Many believe the story that Marco Polo brought pasta to Italy after returning from China as detailed in the explorer’s 13th century writings “Polo’s Travels.” However, in a recent article published by The National Geography in its History Magazine, the writer disputes the story by citing earlier writings that indicate pasta was already in existence even before Marco Polo returned from his new world exploration expeditions.
First off, Alfonso Lopez, author of the article entitled “The Twisted History of Pasta,” was able to clear away the muddle about the reference to Polo’s Travels as basis in determining the origins of pasta.
Italian Pasta Did Not Originate from China
While in the passage Polo mentioned about a tree from which pasta-like ingredient was made, the tree was actually a sago palm tree which produced starchy food. According to Lopez, Polo only mentioned that the starchy sago reminded him of the pasta in his home country. That alone indicates that even before Polo arrived from China, pasta was already available in Italy, albeit still rare. In fact in another passage, Polo mentioned a an italian soldier from Genoa whose prized possession includes a basket of macaroni.
Pasta Came to italy as a Result of Mediterranean Trading During the Middle Ages
The article went on to explain that not a few historians made other claims based on a “relief” noted in one of the 4th century B.C. Roman tombs. That the relief resembled a pasta making, which denoted the device was already in existence at the time.
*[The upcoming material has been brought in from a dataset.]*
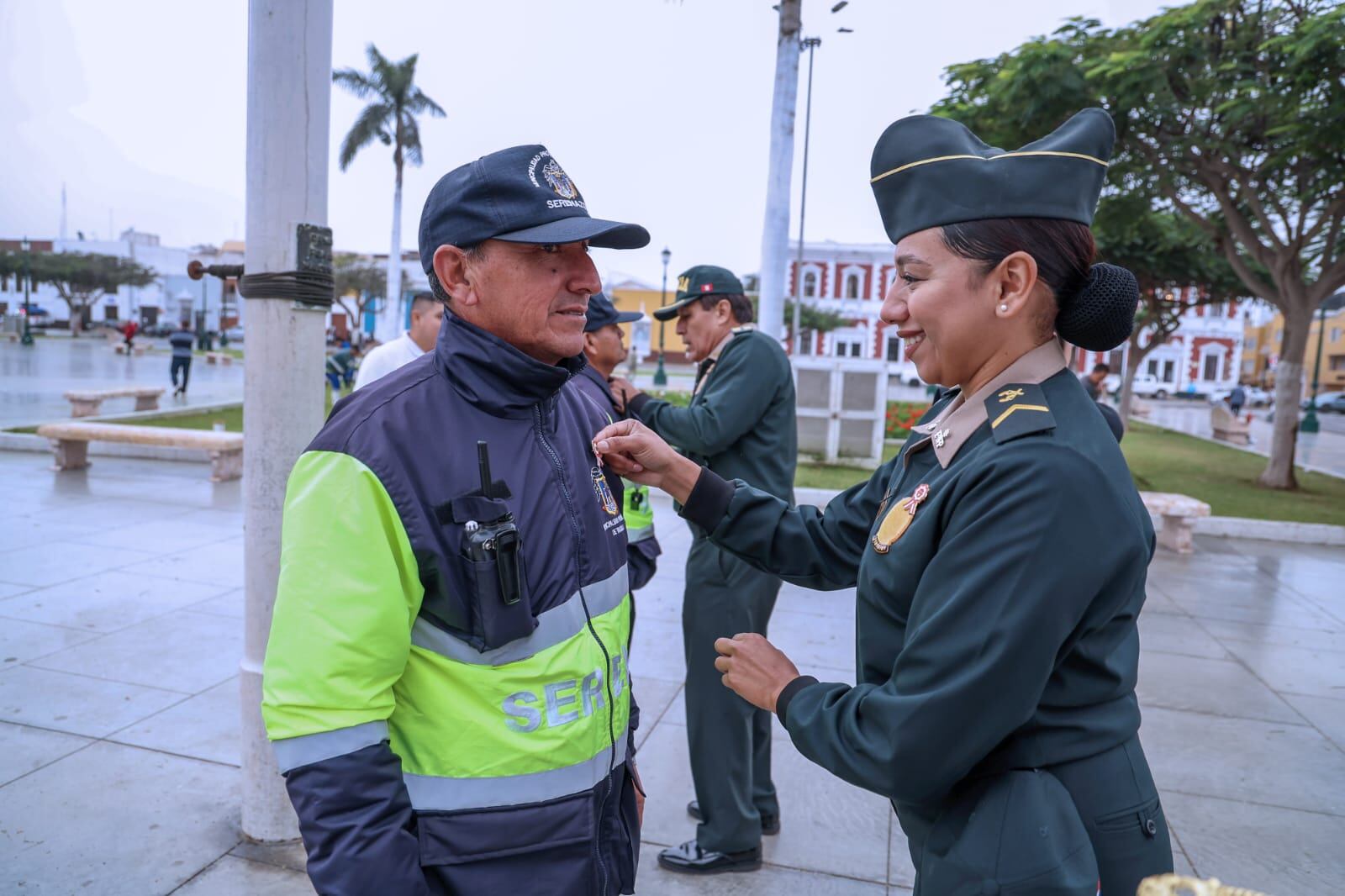 Efectivos policiales colocaron la escarapela a los funcionarios municipales y a personas presentes en la plaza mayor, incluyendo a trabajadores del Servicio de Gestión Ambiental que realizaban labores de limpieza y de mejoramiento de las áreas verdes.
Other historians though disagreed by pointing out that any other record that made reference to a dish that resembled pasta, was rare. The general consensus most historians agreed to was that pasta came around in Italy as a result of the widespread trading in the Mediterranean during the Middle Ages.
Starting from the 13th century onward, historians noted that there were already records across the Italian peninsula that frequently named pasta variations like macaroni, gnocchi, ravioli and vermicelli, just to name a few.
Pasta was Food for Wealthy Italian Nobles Up to the 16th Century
During the Middle Ages up to the Renaissance period, pasta was regarded as food for the wealthy as they were acquired through trade. Moreover, pasta dishes were concocted with as many ingredients as possible that a 16th century author named Giulio Cesare Croce included pasta in his list of Italy’s “fattening dishes.”
In Naples and in the neighboring regions during the 17th and 18th centuries, the production of pasta had begun to surge. Many commoners during the period had very limited access to meat, while the ingredients used for making pasta were being sold by landowners at a much cheaper price. As a result, from 1700 onwards, pasta became a staple food among many Italians, particularly Neapolitans. So much so that they earned the moniker mangiamaccheroni or macaroni eaters.
During the age of industrial revolution in the 18th century, the introduction of a mechanical press known as torchio made pasta-making a lot easier; and from then on, industrial-made pasta made a dramatic spread across Italy.